The requirement to write a will
In the Most Holy Book Baha’u’llah writes:
Unto everyone hath been enjoined the writing of a will. The testator should head this document with the adornment of the Most Great Name, bear witness therein unto the oneness of God in the Dayspring of His Revelation, and make mention, as he may wish, of that which is praiseworthy, so that it may be a testimony for him in the kingdoms of Revelation and Creation and a treasure with his Lord, the Supreme Protector, the Faithful. (Baha’u’llah, The Kitab-i-Aqdas, Paragraph 109, p. 59)
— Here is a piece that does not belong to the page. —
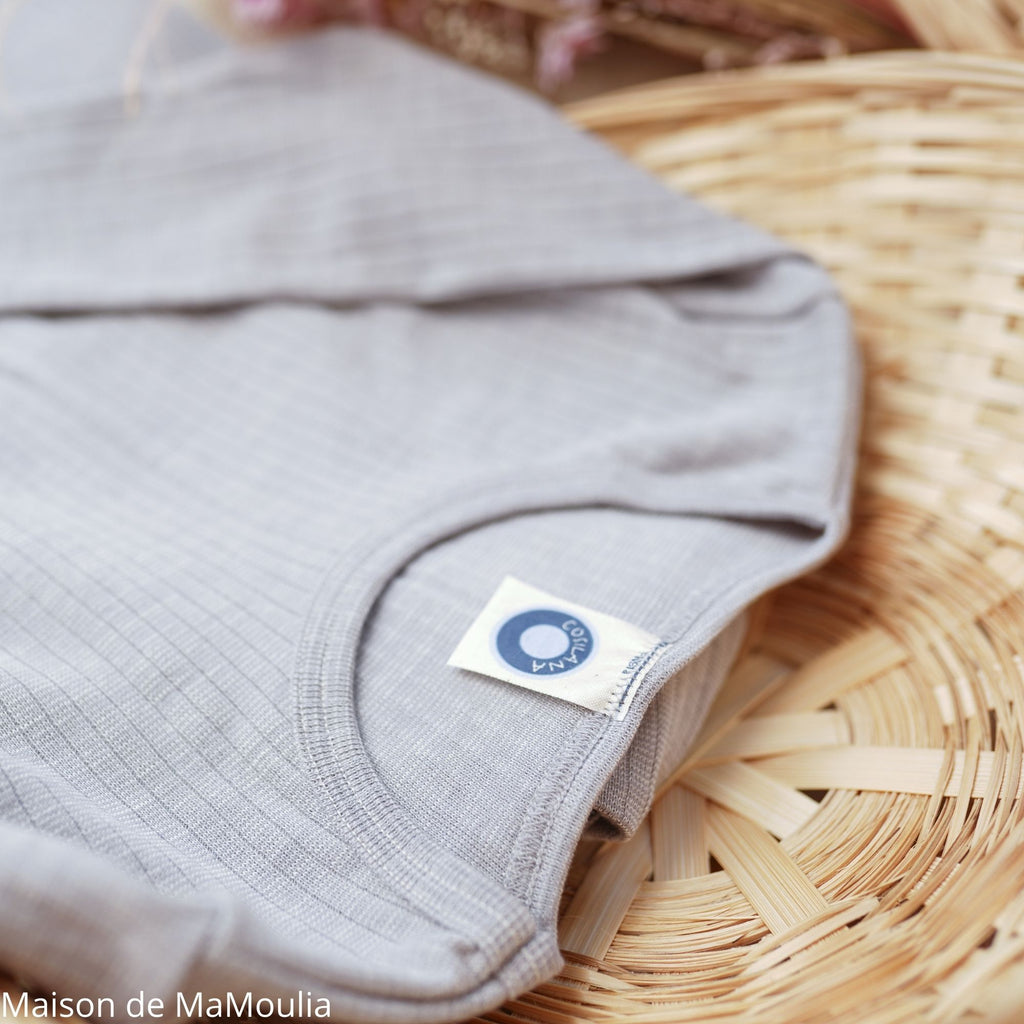 Cosilana - T-shirt manches longues enfant, laine-soie-coton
From this we see that a believer’s last will and testament has both a spiritual and a physical function. The spiritual function is, as I understand it, to be a final statement of belief in the Manifestation of God, a sacred document having effect in both the physical and spiritual realms. Shoghi Effendi’s secretary wrote on his behalf, The execution of the provisions of the will causes the spirit of the deceased to rejoice in the Abha Kingdom. (Written on behalf of Shoghi Effendi, quoted in a letter written on behalf of the Universal House of Justice, dated August 24, 1982, to a National Spiritual Assembly; cited in “Developing Distinctive Baha’i Communities,” a publication of the National Spiritual Assembly of the Baha’is of the United States).
In addition, the last will and testament is an appropriate document in which to make provision for the raising of one’s children, the care of one’s surviving relatives, disposition of one’s assets, provisions for treatment and burial of the body after death, payment of debts, payment of any unpaid Huquq’llah, gifts to charity, deeds to be done on one’s behalf, and the like. This is the type of will and testament that the believers are required by the provisions of the Most Holy Book to write, and this is one of the laws of the Aqdas that is presently binding on the believers. I will refer to this as a “believer’s will.”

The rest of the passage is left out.